Kees Tinga, 16 november 2021
Op de dag waarop ik dit stukje schrijf, staan de kranten vol met reacties op de slotverklaring van ‘Glasgow’, oftewel COP 26. Er is veel teleurstelling met hier en daar een sprankje hoop.
Het toeval – nou ja, toeval – wil dat ik in deze dagen ook bezig ben met de geschiedenis van Kerk en Milieu. Onze vijfendertigste verjaardag komt dichterbij en dat wordt een volgend moment om stil te staan, terug en vooruit te kijken.
Verbinding
De Oecumene lijkt wel een beetje op de Verenigde Naties en komt voort uit een zelfde twintigste-eeuwse culturele onderstroom van verlangen naar verbinding, internationale solidariteit, wereldvrede en hoop op een betere toekomst.

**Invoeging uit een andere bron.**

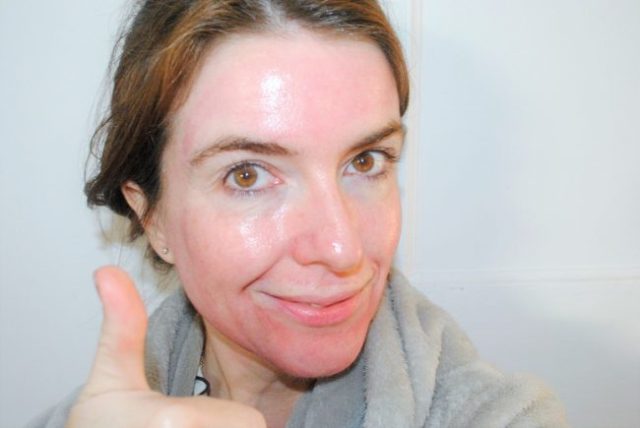 祛痘祛闭口粉刺黑头,如何有效的祛痘去黑头去闭口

Zo gezien is het niet zo gek om ons af te vragen hoe we het er in de interkerkelijke milieubeweging met elkaar hebben afgebracht. Deden we het met al die honderden kerken beter dan die kleine tweehonderd landen met hun ‘COP oecumene’?
Na het doornemen van meters Kerk en Milieu archief durf ik wel een voorzichtige vergelijking aan. De milieubeweging in de Nederlandse kerken neem ik dan als pars pro toto voor de internationale Oecumene, in het besef dat zoiets niet helemaal recht doet aan de reputatie van de kerken in sommige andere landen of van de Wereldraad van Kerken.
Sprankje hoop
In de reacties op de uitkomsten van de belangrijkste VN Klimaat conferenties, waarvan we ons Kopenhagen, Parijs en Glasgow nog het beste herinneren, wisselen negatieven en positieve stemmingen elkaar af. Kopenhagen viel vies tegen, Parijs was een opkikker, Glasgow drukt ons opnieuw in pessimisme. Ik ben bang dat vijfendertig jaren interkerkelijke milieubeweging er niet beter afkomen, ook bij ons was en is het vallen en opstaan..

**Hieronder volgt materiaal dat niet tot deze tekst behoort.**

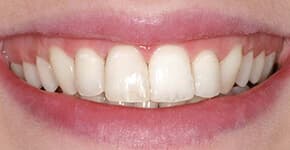 After Dental Procedure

Wat geven we door aan de volgende generaties? Wat Kerk en Milieu betreft: het enthousiasme van vele honderden vrijwilligers en enkele tientallen beroepskrachten die vaak vele jaren lang zich wilden inspannen voor de vergroening van kerk, geloof en leven. Is dat erg gelukt? Laten we vooral bescheiden blijven. Zeg maar: ‘veel teleurstelling, met hier en daar, zo nu en dan, een sprankje hoop.
Dat, niet meer en niet minder, is de uitkomst van deze vergelijking – aan het begin van Advent 2021.